第8話 少女と元軍人
しばらく、雨に濡れながら解放戦線のレオナードと馬に相乗りで、駆けていると遠目からでもわかる程に砕け散った城壁が視界に入ってきた。
「これはまた酷い具合にぶっ壊されたな」
騎乗で鞭を振るうレオナードの言葉に同意を示すために頷きながら、壊れた城壁、粉砕された城門に視線を移す。
やはり間違いなかったか。ここはスカーレット・フィーユ魔導独立小隊に破壊された場所だ。あの窪地なんて、オレとルクレツィアが争った時にできた奴だしな。
そんなことを馬で走行している中で考えていたらどうやら目的地であった城門に着いたようだ。
「城門に着きましたね。ひとまず、あそこに見える厩に馬をおいて行きましょうか」
先行して馬を走らせていたアルフレッドが急に速度を落としたと思ったら、目の前に見える門の脇にある厩を指差した後にこちらにそう言ってきた。
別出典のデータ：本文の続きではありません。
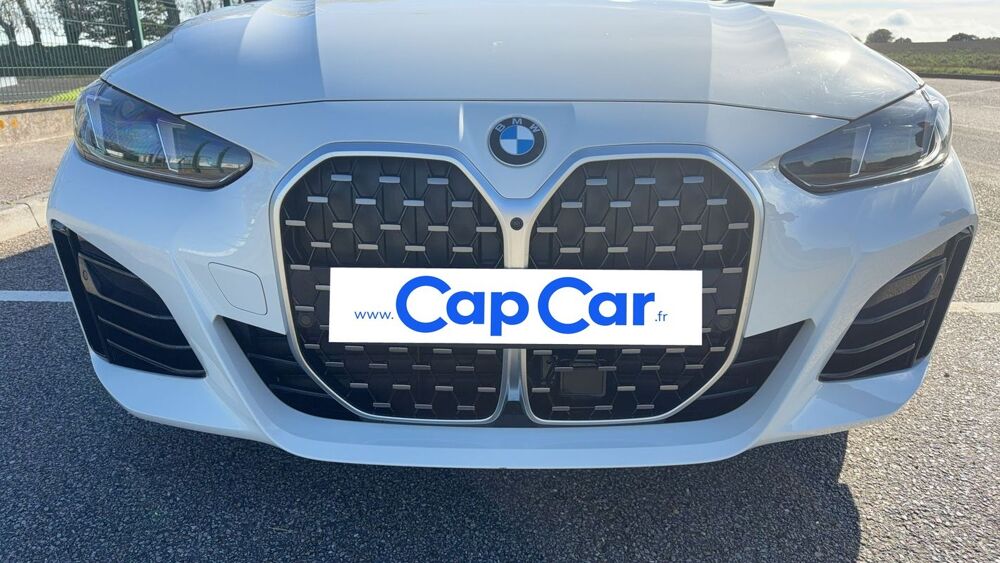 S&eacute;rie 4 420d xDrive 190 BVA8 M Sport 2025 occasion 76430 Saint Aubin Routot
「クリス君、先に城門を調べて来てください。我々は馬を廐に括り付けた後にすぐに向かいますよ」
廐に着くなり、アルフレッドは先に城門探索をするように指示を出した。
「わかったよ。ここに来たことある僕が先に色々と調べとけってことでしょ?」
アルフレッドの指示に従い、馬から降りたクリスは唯々諾々と言わんばかりトボトボと歩いて行った。
「うーん、あのくらいの年齢の子供が1番扱いにくかもしれませんね」
苦々しい口調とは違ってどこか生意気な弟を見ているような微笑みをアルフレッドはたたえていた。
「さぁ、レオナード少佐、我々も馬をおいて早く城門に向かいましょう」
アルフレッドがこちらに近づきながらそんなことを言ってきた。
「ああ、そうするか。それに現状を把握するためにちょっとここら辺を歩いて調べる必要があるしな」
そんなことをレオナードは言うと馬上から飛び降り、オレの存在を忘れたようにアルフレッドと共に破壊された城門の方に足を進めて行こうとする。いや、いや、レオナードさんよ。誰かを忘れていませんかね?
「…レオナードさん!?」
オレからの呼びかけることでようやく気がついたのか気怠げに、
「って、嬢ちゃん。そろそろ、こっちに来てくれよ」
と面倒くさそうな表情でそんなことを言ってきた。いや、いや、いや、足掛けのない馬からこの身長でどうやって降りろと言うのかだろうか。
「…これから大量の魔力を消費することがわかっているのに、こんなくだらないことで無駄に使えと言っているのかしら? 頭がおかしいんじゃない!!」
オレがそんなことをブツブツ言っていると、
「ああ、降りれないのか。ホラよ。嬢ちゃん、俺の手を取りな」
とレオナードはそんなオレを煽るかのようにニヤニヤ笑いながらそう言って手を差し伸べてきた。なんか、その笑い方がとてもムカつくんですけど!
「ひ、ひとりで降りれます! それに嬢ちゃんって失礼な人ですね!!」
オレの憤慨した声を聞いて、顔を歪めて笑うレオナード。ますますムカつくぞ。その態度はよぉ!! もう、魔力の節約なんて考えないぜ。オレは降りるぞ。
「中身は大人だって? ハッ、体がお子ちゃまなら嬢ちゃんは子供だよ。ガキに怪我をされたら堪らないからな」
そう言ってレオナードはオレを抱きかかえるように馬から降ろした。大の男がこんな屈辱的な降ろされ方をするなんて…
他の降ろし方があったのに! こんな風に降ろさなくても!!
「さぁ、時間との勝負ですよ? 城門に向かいましょう!!」
そう言って、アルフレッドは城門に向かって歩き出した。
「おい、アルフレッドが行ってしまうぞ。何をむくれてやがる。行くぞ」
なんか納得いかなかったオレがレオナードを小突いたのは仕方ないことだ。
「イッテ、何だよ? なんかあったのか?」
「別に何でもありません。さっ、時間がないので早く行きましょう」
そう言ってオレは微笑むと城門に向かって駆け出した。少し走って、振り返るとそこには小突かれた腰を押さえながらも、微笑しているレオナードがいた。まるで、懐かしい記憶を思い出して感傷に浸っているような表情で彼は笑っていた。